Mongo db - schema for implementing similar functionality in webapp
I have a mongodb database where I got 2 collections. posts
and users
.
posts The json structure is like
{title:"Title", content:"content goes here", postedby: "userid"}
and users are like
{username:"", name:""}
Now I need to implement a similar function where users like posts.
Solution 1
I can put an internal array in users like
{username:"", name:"", likes:[postid1,postid2..]}
the problem is that it easily asks for messages that the user liked. But it's hard to get people to like the article.
Solution 2
I can put an internal array in messages like
{title:"Title", content:"content goes here", postedby: "userid", like:[userid1,userid2 ..]}
the problem here is it's easy to get people to like the article. But it's difficult to query for messages that the user liked.
How can I solve this? I am currently thinking about having both ways. As well as storing internal arrays in both collections. I know I am storing redundant data, is this the best way to approach this problem?
I personally would not use an array like this.
It's all too common to love to grow out of control with someone who likes too many messages; to the point that it might interfere with the amount of top-level user data that you might be able to store in this document.

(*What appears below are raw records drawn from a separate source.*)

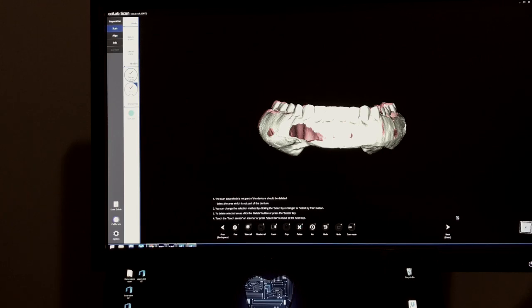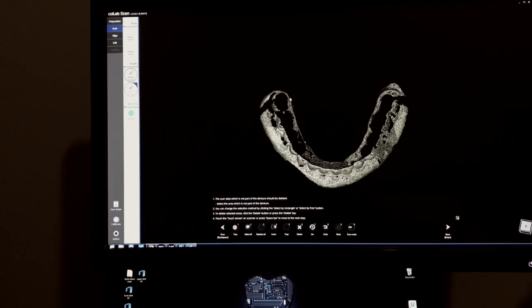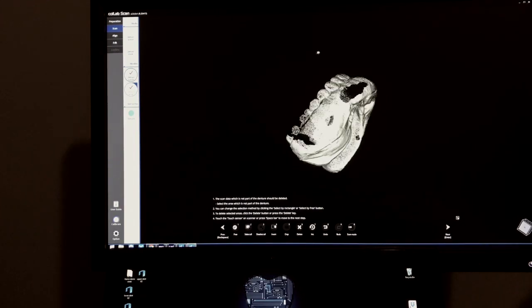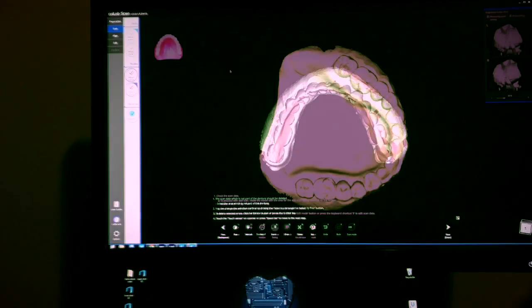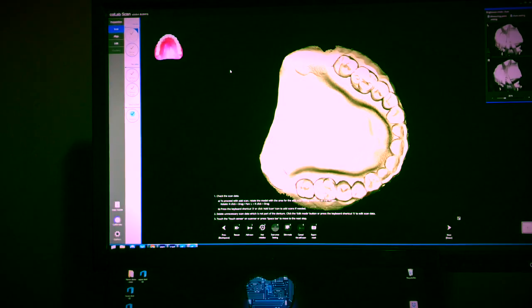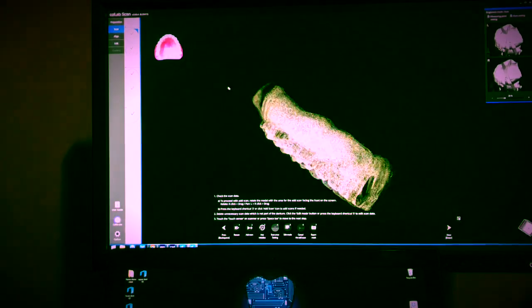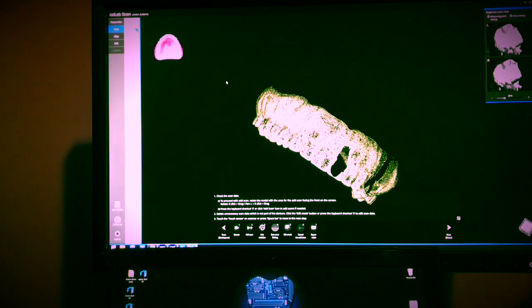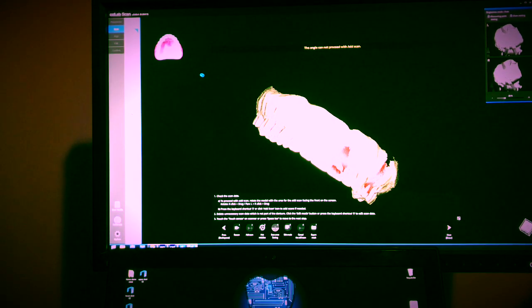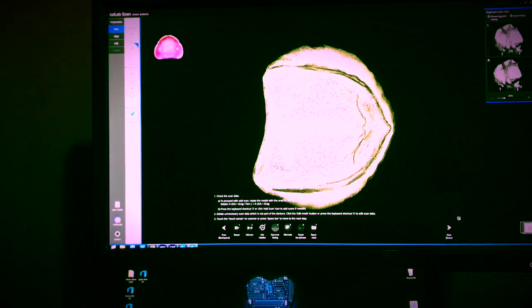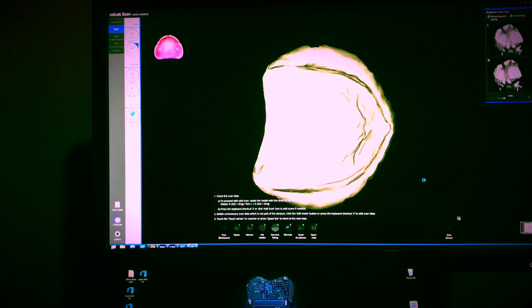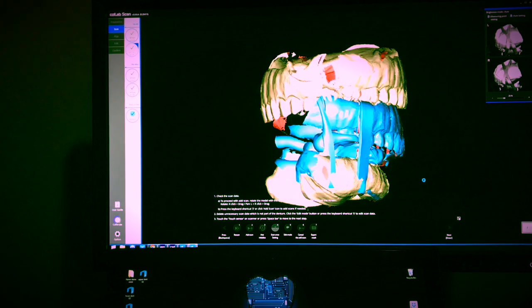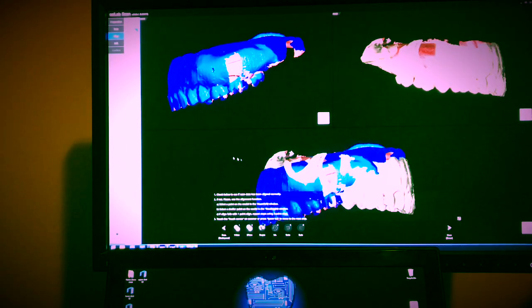This is looking good, maybe a little bit right there. Okay, so now I'm going to scan the upper one, save some time here, and I will show you how to merge it. Now I have the upper denture scanned - this is the outside and I have the inside as well. We're going to do the next step now, which is the alignment. It's pretty easy. I also have the bite, by the way.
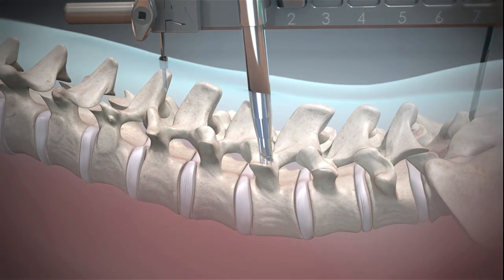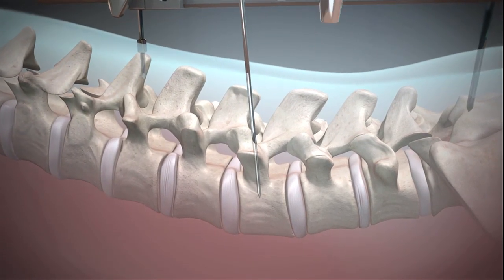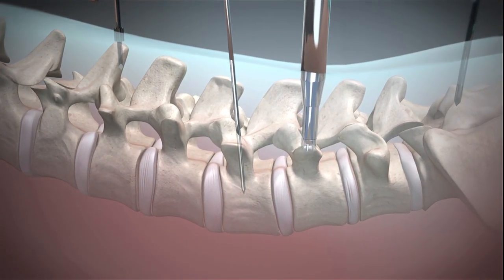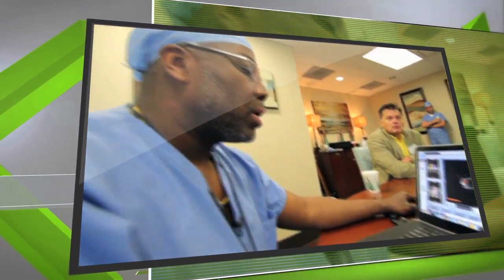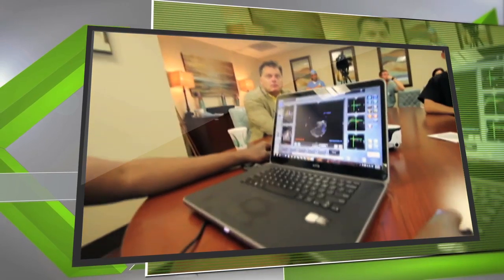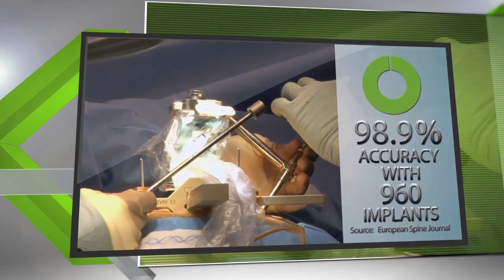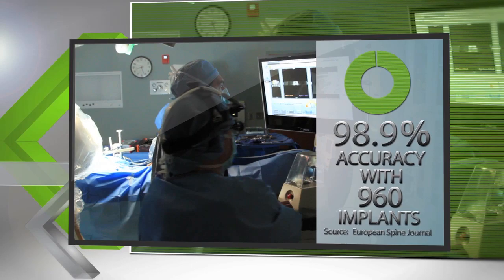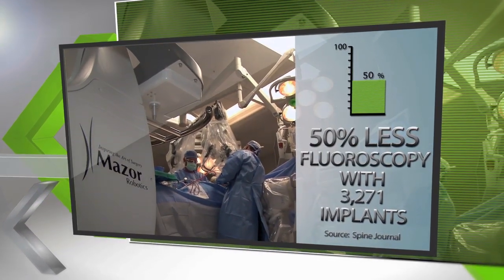This process continues until all trajectories have been executed and implants are safely placed in the planned location. With Renaissance, surgeons can enjoy the comfort of preplanning their surgery, executing the procedure with unparalleled accuracy, and a safer OR environment, with the potential of using less fluoroscopy.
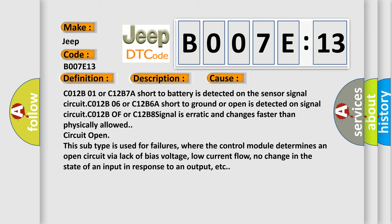This diagnostic error occurs most often in these cases: C012B01 or C12B7A short to battery is detected on the sensor signal circuit. C012B06 or C12B6A short to ground or open is detected on signal circuit. C012B or C12B8 signal is erratic and changes faster than physically allowed, circuit open. In addition,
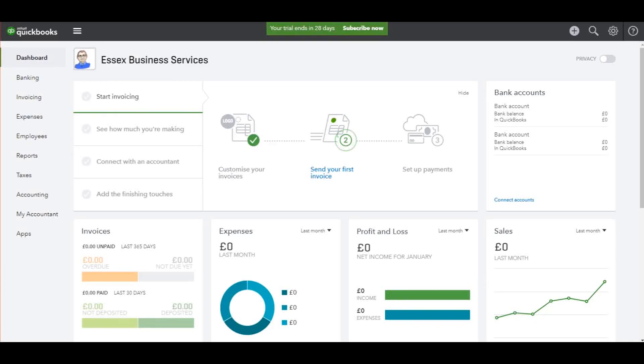Hello there, this is the Bookkeeping Master on YouTube. Welcome to this video. I'm going to show you how to change your company name,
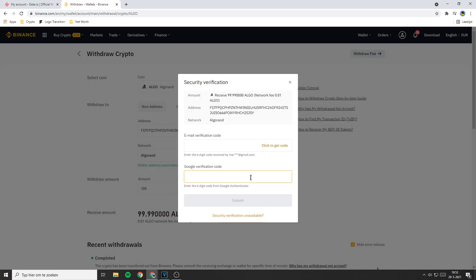Now all you need to do is to go through the security verification process. I filled in everything I need to fill in and now you need to click on submit.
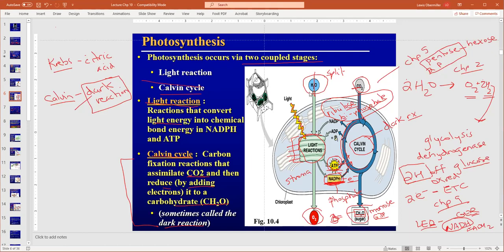So we're just going to pick up where we left off last time in Chapter 10, talking about photosynthesis. We talked about the light reaction, and that fuels the dark reaction or the Calvin cycle by providing it with ATP and NADPH. NADPH is just like NADH — it's an electron carrier. ATP is our energy source, and we add phosphates to things to change their shape or decrease their delta G so we can make spontaneous reactions.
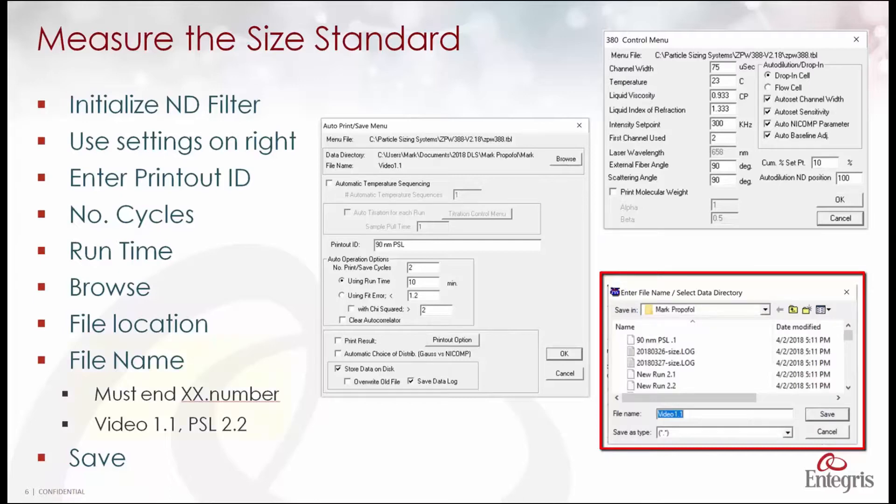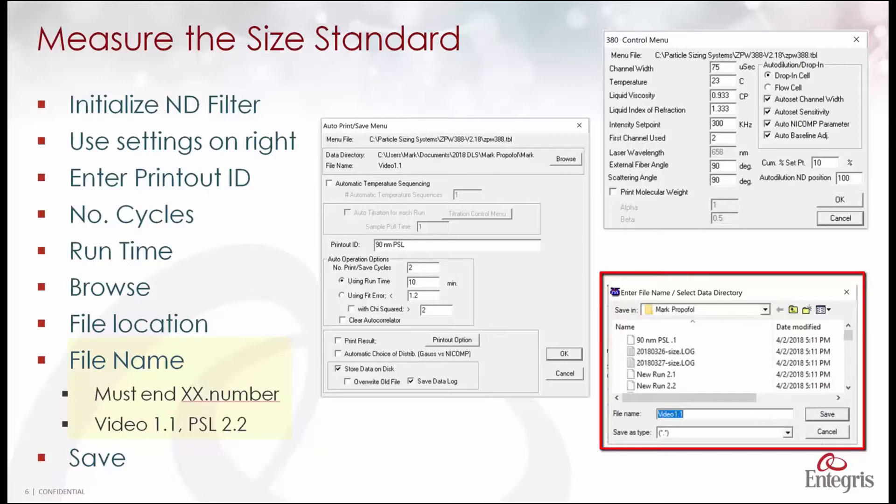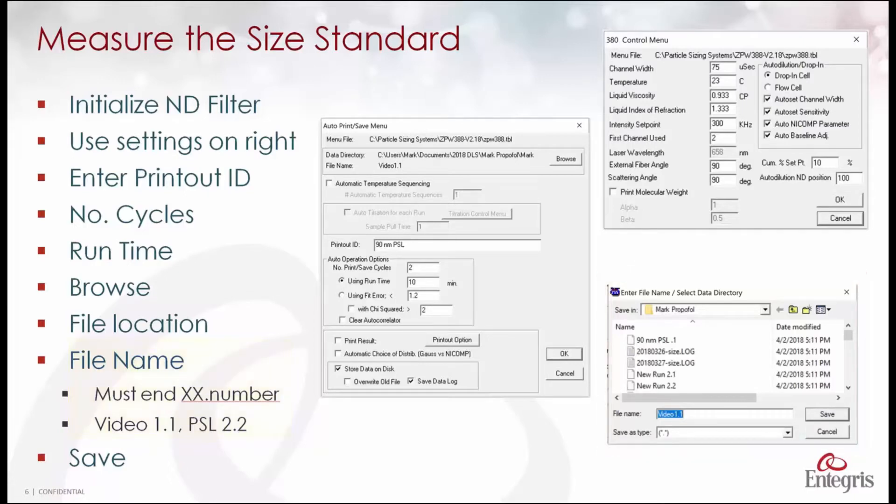A funny thing about this software is that file name must end with a name period and a number such as you see here video 1.1 or PSL 2.2. Click save and then we are ready to make a measurement as we will see in the next screen.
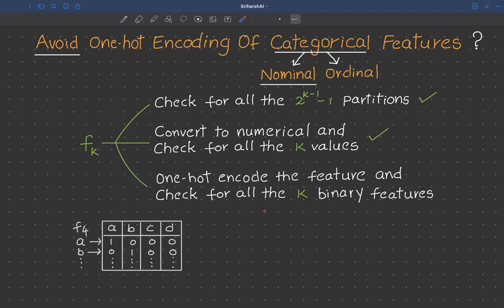We usually avoid one-hot encoding in decision trees. Before understanding why, let's understand what one-hot encoding is in simple terms. Consider a feature F4 with four distinct categories: A, B, C, and D. Applying one-hot encoding creates four distinct new features — A, B, C, and D — where each feature represents one category. All values in these features can either be 1 or 0.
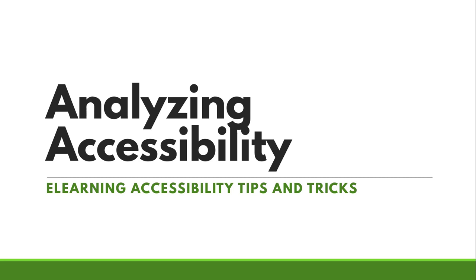Hello there and welcome back to my series, eLearning Accessibility Tips and Tricks. This is the mother of all accessibility videos because I'm going to show you how to analyze a web page or web resource for accessibility.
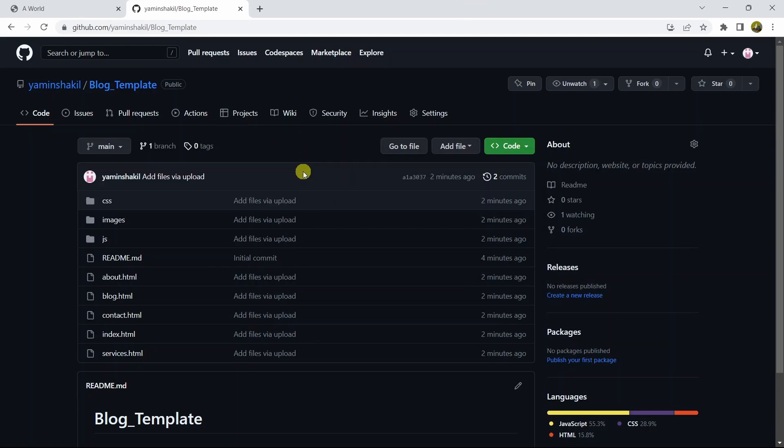So that's how you can upload an HTML project to GitHub — it's very simple. I hope you found this easy. If you have any questions, let me know in the comment section. If you want more videos like this, make sure to subscribe to the channel. Thanks for watching and I'll see you in the next tutorial.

You should also consider your request template here. Most likely, you will want to do some kind of graph combining of similar users by multiple users. Currently, for dynamic use, you must use the aggregation framework: http://docs.mongodb.org/manual/applications/aggregation/ (preliminary data: http://docs.mongodb.org/manual/use-cases/pre- aggregated-reports / would also be a useful tool here, but I'll skip that) using $unwind
.
$unwind
is RAM which can slow down with remote aggregation of many users, especially if each user sits at least 1000 likes (50x1000 already hits the memory limit for $unwind
and post $group
$sort
which has a memory limit of 10% of system memory). In general, the aggregation framework will not be a peformant method to query those likes.
MongoDB can easily store this structure though, evne in its gorwing form, since the subdocument is like maybe 12 bytes per record, so you can just use cardinality 2 sizes ( http://docs.mongodb.org/manual / reference / command / collMod / # usePowerOf2Sizes ) to fix the problems you usually get (fragmentation) using framework.
So with that in mind, I would keep the preferences in a separate collection. It is true that you will lose a single round trip record where there are similar documents in the custom document, but I believe what I said above is worth it.
The important question you are asking yourself are the different ways in which you will need to obtain this data?
You can query users who liked a particular page from user.find({"likes":postId})
in the first case, and the opposite query of that in the second case. But is this a good idea? You want to avoid the ever-growing documents in MongoDB, plus you probably don't want to know for a specific user all the pages they like and for a specific page all the users who like it.
So how about storing likes in your own collection, and keeping aggregates (i.e. counts) in user and page collections? You also have the option to keep the most recent "N" s on the page or whatever is most useful to your application and its performance.
It is rarely possible to create a "perfect" schema in MongoDB without knowing the use case (ie read and write patterns) and what the requirements are.
I think just storing the array you like in the mail document would be good enough.
You can get messages that the user likes using the type field. Performance is also good if you have an index on a field like this.
The only drawback is that with this approach, the size of the post object changes depending on the length of such an array. Mongo is not very good at dealing with such data structures, so if you have thousands of likes to post posts, all IDs can slow down polling performance, but overall posts do not have what many people like and your overall system will work. ok i believe. You might consider limiting the number of liked IDs for a post (for example, keeping the last user ID 1000) to ensure that the document size doesn't grow unusually.